Acabo de ler Dissonantes, novo romance de Sergio Keuchgerian (Mundo Editorial, 2011). Comecei ontem. Folheei a última página hoje de manhãzinha. O que dizer quando, ao final de uma história, sentimos dentro do peito um sopro de nostalgia? Sim, a vida bem que poderia ser menos traiçoeira ou, no mínimo, mais elegante... Essa é a ideia que fica depois de devorarmos o miolo desse belo livro.

Há na escrita de Sergio Keuchgerian uma força (calculada) que só pode brotar da teimosia, do olhar treinado, do contínuo exercício de humildade (do criador que se deixa amansar pela obra). Todo autor é um voyeur de suas personagens, espião de histórias alheias que, no fundo, gostaria de ter vivido intensamente. Mas jamais será dono ou senhor absoluto de sua obra. Obras/personagens elegem os autores, não o contrário.

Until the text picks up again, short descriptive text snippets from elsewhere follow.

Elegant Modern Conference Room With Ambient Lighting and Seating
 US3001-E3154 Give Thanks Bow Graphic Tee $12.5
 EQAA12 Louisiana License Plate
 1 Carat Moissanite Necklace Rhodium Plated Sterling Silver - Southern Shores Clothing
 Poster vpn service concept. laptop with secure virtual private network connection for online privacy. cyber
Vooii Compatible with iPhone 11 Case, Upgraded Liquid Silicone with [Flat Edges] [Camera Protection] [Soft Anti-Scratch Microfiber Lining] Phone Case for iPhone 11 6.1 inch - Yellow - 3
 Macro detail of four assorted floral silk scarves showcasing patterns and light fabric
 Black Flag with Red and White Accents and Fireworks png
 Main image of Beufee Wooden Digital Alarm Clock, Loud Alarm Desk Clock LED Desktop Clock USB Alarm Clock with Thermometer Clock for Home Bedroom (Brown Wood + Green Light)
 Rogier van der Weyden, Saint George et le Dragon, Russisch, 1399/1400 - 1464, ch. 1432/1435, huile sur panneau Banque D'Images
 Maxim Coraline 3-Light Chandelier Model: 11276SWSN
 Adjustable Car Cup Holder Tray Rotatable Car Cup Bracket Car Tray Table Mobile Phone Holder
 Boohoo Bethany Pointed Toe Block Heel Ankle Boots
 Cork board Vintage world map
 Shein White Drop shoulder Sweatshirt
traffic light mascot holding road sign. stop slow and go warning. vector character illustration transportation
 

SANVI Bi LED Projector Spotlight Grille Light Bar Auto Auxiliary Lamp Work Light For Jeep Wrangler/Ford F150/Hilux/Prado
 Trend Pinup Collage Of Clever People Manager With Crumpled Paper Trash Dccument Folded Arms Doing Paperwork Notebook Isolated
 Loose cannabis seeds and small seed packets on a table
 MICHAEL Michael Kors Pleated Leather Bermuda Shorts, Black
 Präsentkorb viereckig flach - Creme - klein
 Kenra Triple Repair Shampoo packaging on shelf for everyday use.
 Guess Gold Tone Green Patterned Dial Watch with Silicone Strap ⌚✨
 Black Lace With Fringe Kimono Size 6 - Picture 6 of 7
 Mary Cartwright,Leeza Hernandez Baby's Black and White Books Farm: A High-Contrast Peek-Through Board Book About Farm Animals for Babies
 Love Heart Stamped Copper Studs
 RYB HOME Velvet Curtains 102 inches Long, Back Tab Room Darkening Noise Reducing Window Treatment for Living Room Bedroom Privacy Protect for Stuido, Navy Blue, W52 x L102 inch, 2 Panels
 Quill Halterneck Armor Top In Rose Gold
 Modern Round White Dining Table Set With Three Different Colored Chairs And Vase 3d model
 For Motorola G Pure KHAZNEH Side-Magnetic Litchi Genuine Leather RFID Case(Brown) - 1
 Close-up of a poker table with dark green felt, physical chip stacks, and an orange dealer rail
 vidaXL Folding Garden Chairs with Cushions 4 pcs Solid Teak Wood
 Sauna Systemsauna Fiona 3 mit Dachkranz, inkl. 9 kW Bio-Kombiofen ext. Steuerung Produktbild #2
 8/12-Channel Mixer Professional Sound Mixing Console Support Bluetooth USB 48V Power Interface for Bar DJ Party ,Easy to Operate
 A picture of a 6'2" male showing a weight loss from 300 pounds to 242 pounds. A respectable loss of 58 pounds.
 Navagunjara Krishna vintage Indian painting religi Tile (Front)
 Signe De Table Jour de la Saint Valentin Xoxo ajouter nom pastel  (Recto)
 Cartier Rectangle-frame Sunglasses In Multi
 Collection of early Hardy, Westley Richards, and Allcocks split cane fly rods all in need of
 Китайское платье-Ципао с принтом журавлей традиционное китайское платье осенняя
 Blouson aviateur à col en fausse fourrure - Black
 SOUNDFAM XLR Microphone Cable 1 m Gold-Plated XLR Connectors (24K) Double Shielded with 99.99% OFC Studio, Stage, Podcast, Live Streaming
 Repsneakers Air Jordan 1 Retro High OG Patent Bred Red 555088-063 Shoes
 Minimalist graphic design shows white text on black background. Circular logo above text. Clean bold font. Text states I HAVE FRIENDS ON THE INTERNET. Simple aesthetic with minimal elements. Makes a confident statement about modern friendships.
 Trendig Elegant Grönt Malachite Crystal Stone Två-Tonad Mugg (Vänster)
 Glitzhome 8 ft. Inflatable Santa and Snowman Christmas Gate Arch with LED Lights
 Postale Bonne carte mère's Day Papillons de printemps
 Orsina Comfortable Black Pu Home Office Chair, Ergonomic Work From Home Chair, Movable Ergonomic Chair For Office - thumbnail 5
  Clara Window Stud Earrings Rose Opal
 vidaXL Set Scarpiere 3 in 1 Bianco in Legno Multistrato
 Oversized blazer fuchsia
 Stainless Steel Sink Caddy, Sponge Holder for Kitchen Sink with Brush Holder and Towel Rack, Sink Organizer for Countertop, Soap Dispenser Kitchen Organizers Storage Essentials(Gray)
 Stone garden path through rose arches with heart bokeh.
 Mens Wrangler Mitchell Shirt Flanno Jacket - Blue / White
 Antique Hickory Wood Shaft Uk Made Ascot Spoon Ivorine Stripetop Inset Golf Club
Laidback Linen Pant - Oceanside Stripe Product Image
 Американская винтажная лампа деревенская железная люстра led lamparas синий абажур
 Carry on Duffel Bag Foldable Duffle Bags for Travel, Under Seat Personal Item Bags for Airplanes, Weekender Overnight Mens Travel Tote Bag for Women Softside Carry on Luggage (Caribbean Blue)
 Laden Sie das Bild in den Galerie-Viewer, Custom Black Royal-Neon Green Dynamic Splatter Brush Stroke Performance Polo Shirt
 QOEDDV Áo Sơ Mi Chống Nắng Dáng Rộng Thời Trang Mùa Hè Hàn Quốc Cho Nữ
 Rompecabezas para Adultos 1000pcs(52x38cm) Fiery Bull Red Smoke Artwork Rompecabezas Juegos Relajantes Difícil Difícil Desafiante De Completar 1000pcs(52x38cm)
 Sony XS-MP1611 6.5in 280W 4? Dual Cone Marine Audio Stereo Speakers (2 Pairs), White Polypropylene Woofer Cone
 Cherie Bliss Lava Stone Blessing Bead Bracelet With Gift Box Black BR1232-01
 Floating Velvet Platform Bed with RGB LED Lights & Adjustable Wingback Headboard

Dissonantes é um desses romances que, num primeiro momento, parecem antigos. Desatados do criador, contam segredos que nos são familiares – ou, no mínimo, nos encorajam a vasculhar porões e gavetas para arejar um pouco nossas próprias memórias. 

Nesse texto, Sergio Keuchgerian é apenas um olho atento no buraco da fechadura, um observador a serviço das personagens que o escolheram. Diluídos nas lembranças de Mário (o protagonista-narrador), todos nós estamos lá, do outro lado dessa porta imaginária que separa ficção e realidade. Conhecemos muito bem seus desencontros, suas decepções e aquela sensação de desamparo que surge nos dias cinzentos e frios. Como ele mesmo observa, “solidão se dá quando não encontramos mais ninguém que queira nos conhecer ou compartilhar de nossas lembranças”. Assim, ao oferecer pontos de identificação, Mário estende suas pontes em direção ao leitor, compartilhando com ele anseios, frustrações, culpas, incertezas, traições, angústias, medos...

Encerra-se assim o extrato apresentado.